> **Your assignment**
Could you transcribe exactly the lines below, from the line with "スリール(sourire)/" through the line with "Rhinoplasty", and nothing else, leaving out the pictures?

Segment Open

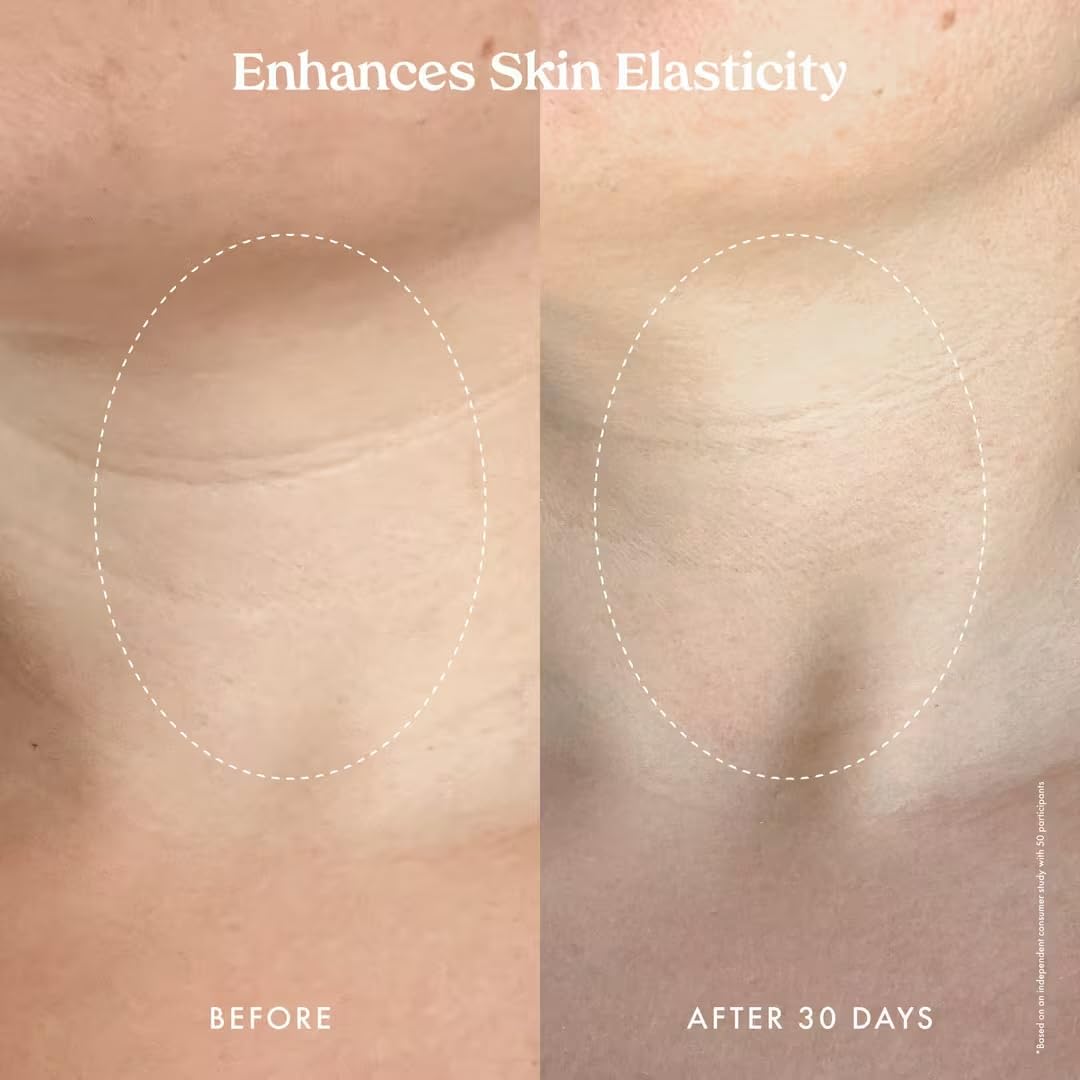 Kopari Ultra Restore Firming Body Serum with Dual Peptide Complex, Deeply Hydrates, Improves Skin Tone & Texture, Firms & Enhances Elasticity, 5 oz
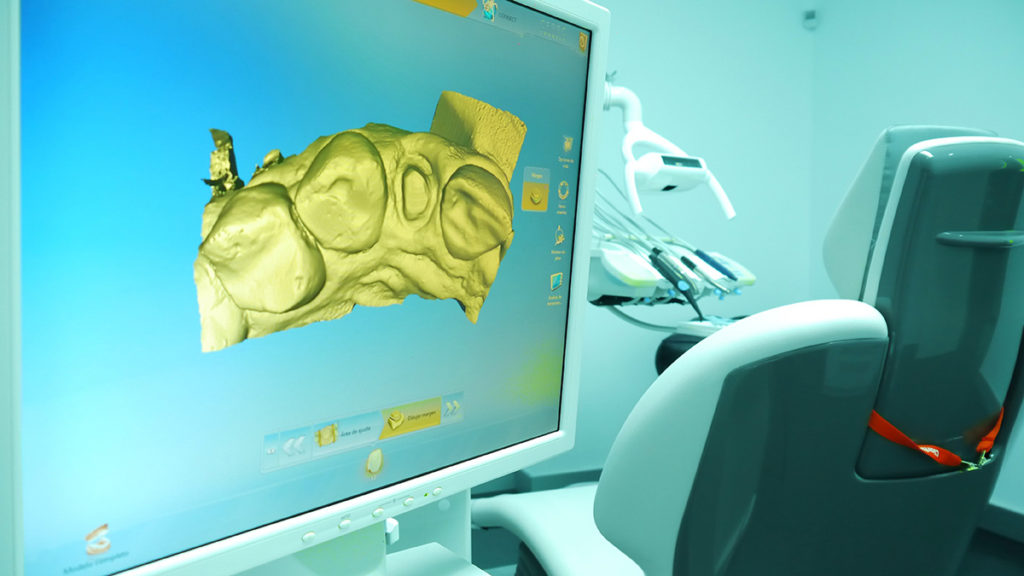 Computer Guided Dental Implant Surgery Dental Treatment In Spain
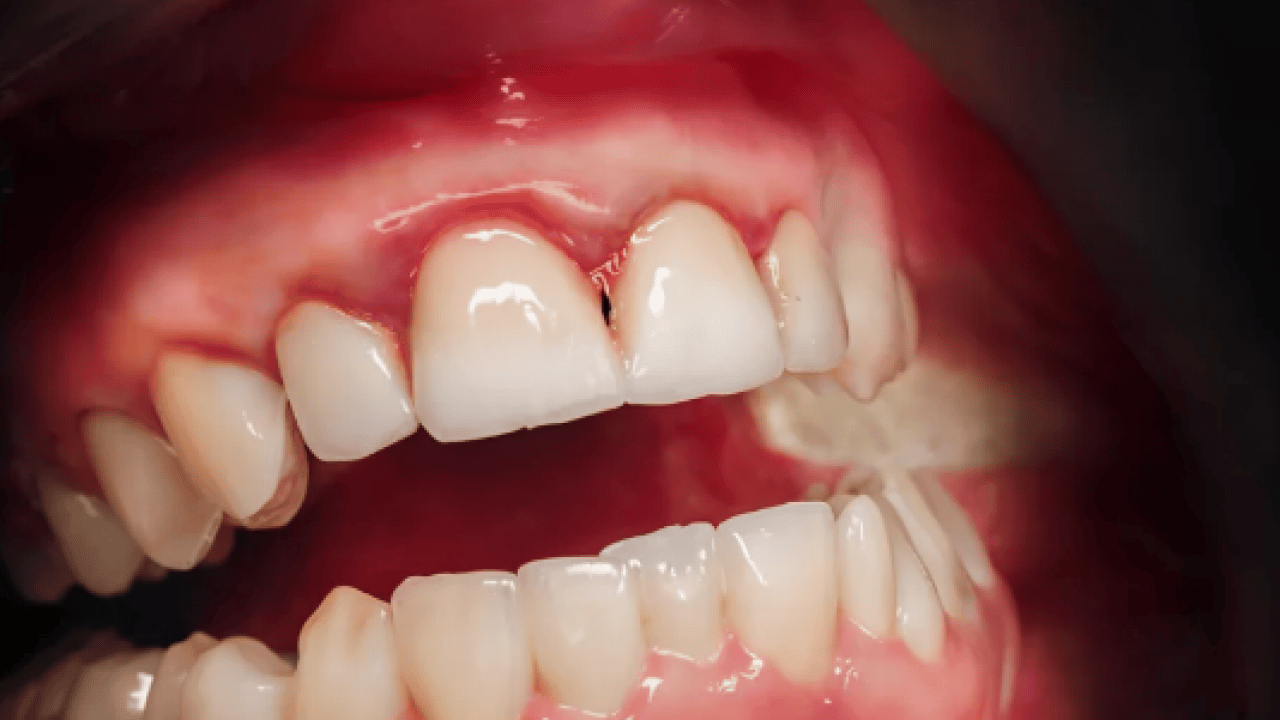 Foto - Periodontal hastalıklar, diyabet ve solunum... Diş eti kanaması sistemik hastalıkların habercisi olabilir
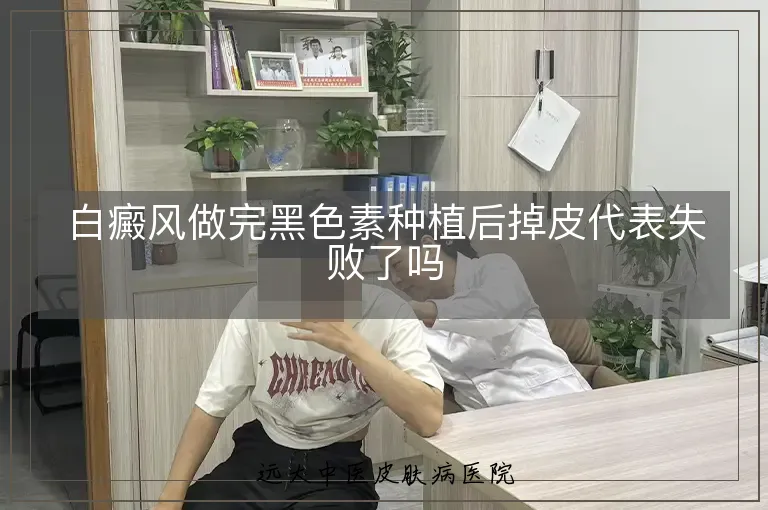 白癜风做完黑色素种植后掉皮代表失败了吗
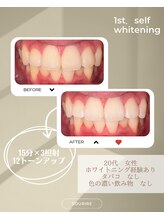 スリール(sourire)/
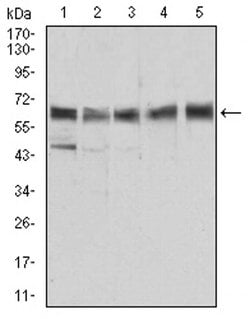 Invitrogen ALDH6A1 Monoclonal Antibody (6H9B8) 100 &mu;L; Unconjugated:Antibodies,
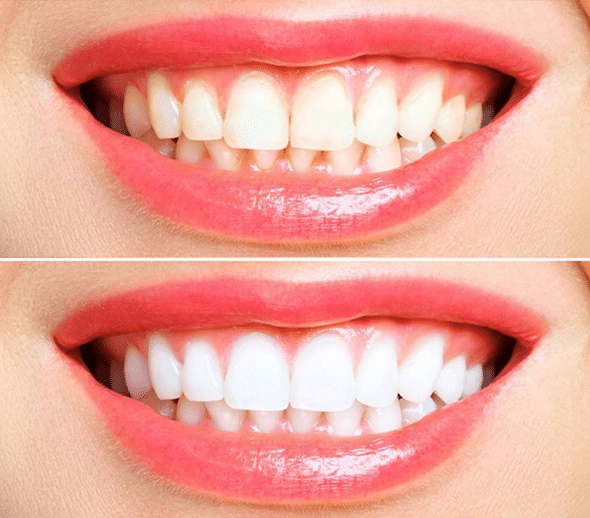 Before and after teeth whitening comparison showing brightened smile results.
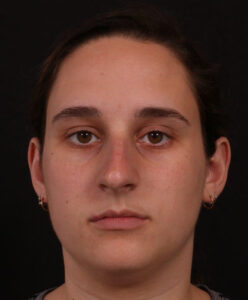 Rhinoplasty
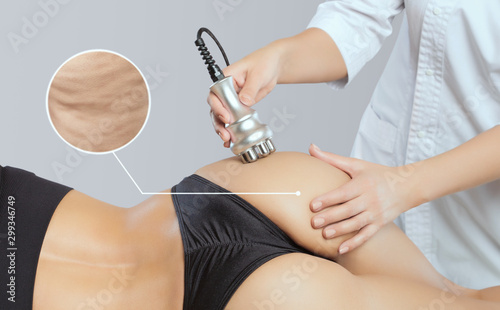 The doctor does the Rf lifting procedure on the legs, buttocks and hips of a woman in a beauty parlor. Treatment of overweight and flabby skin.Cosmetology and professional skin care.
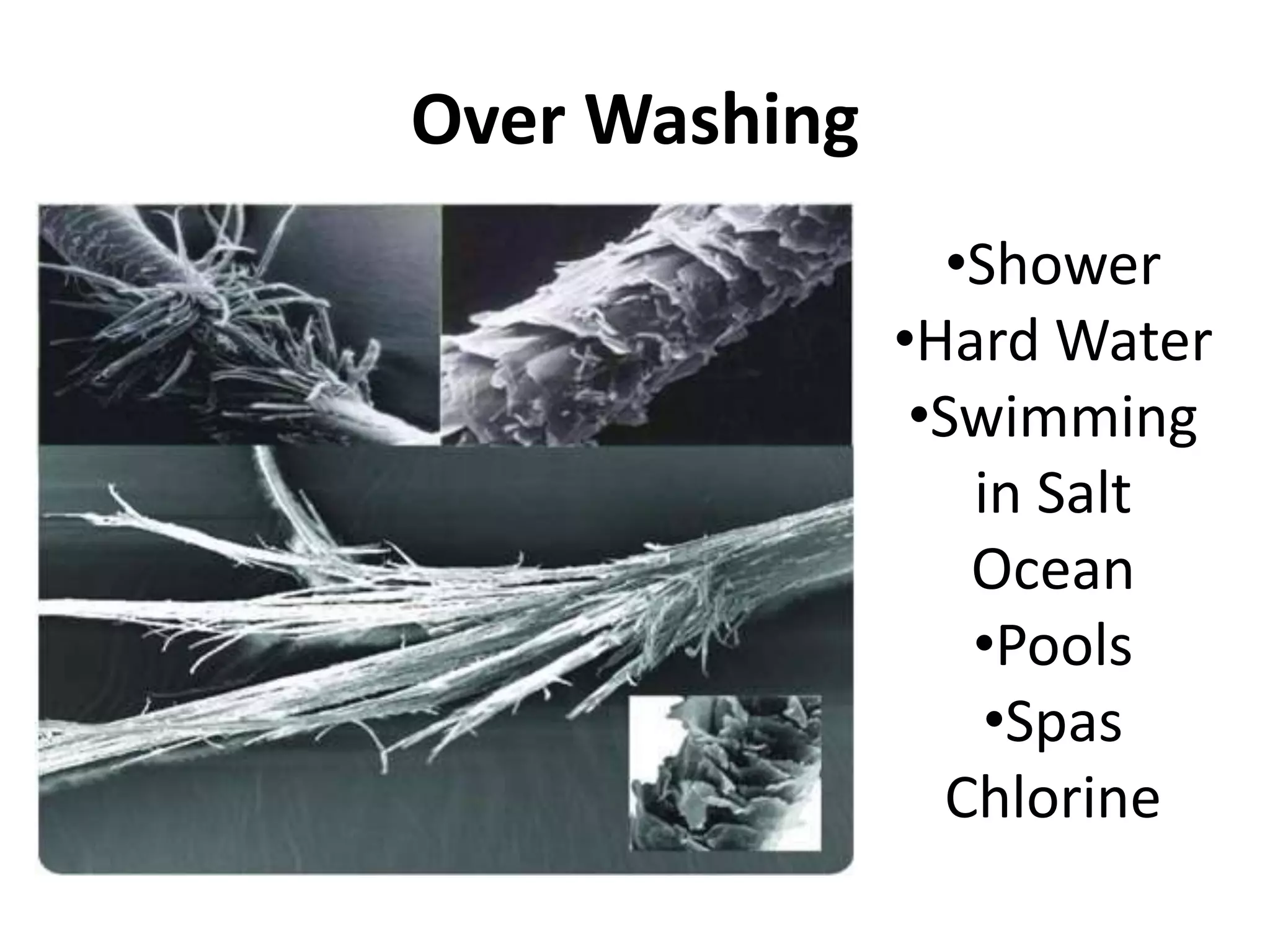 Over Washing 
•Shower 
•Hard Water 
•Swimming 
in Salt 
Ocean 
•Pools 
•Spas 
Chlorine 
 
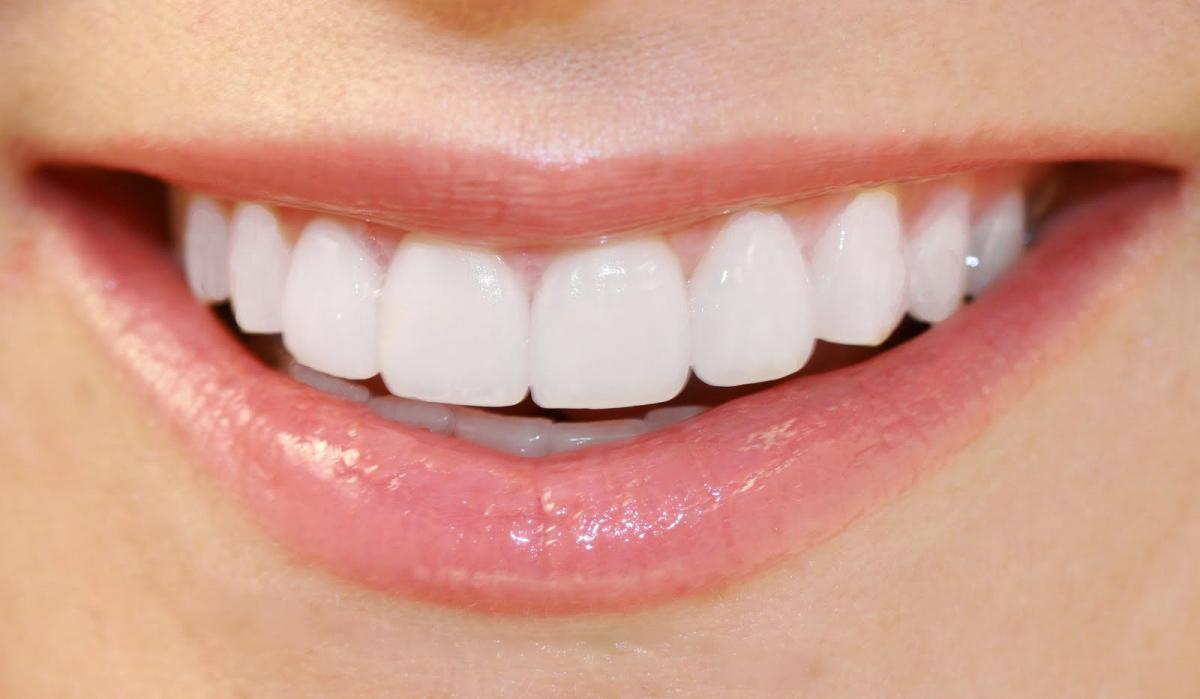 Răng sứ kim loại thường có tốt không? 3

Segment Closed

> **Answer to the problem**
 スリール(sourire)/
 Invitrogen ALDH6A1 Monoclonal Antibody (6H9B8) 100 &mu;L; Unconjugated:Antibodies,
 Before and after teeth whitening comparison showing brightened smile results.
 Rhinoplasty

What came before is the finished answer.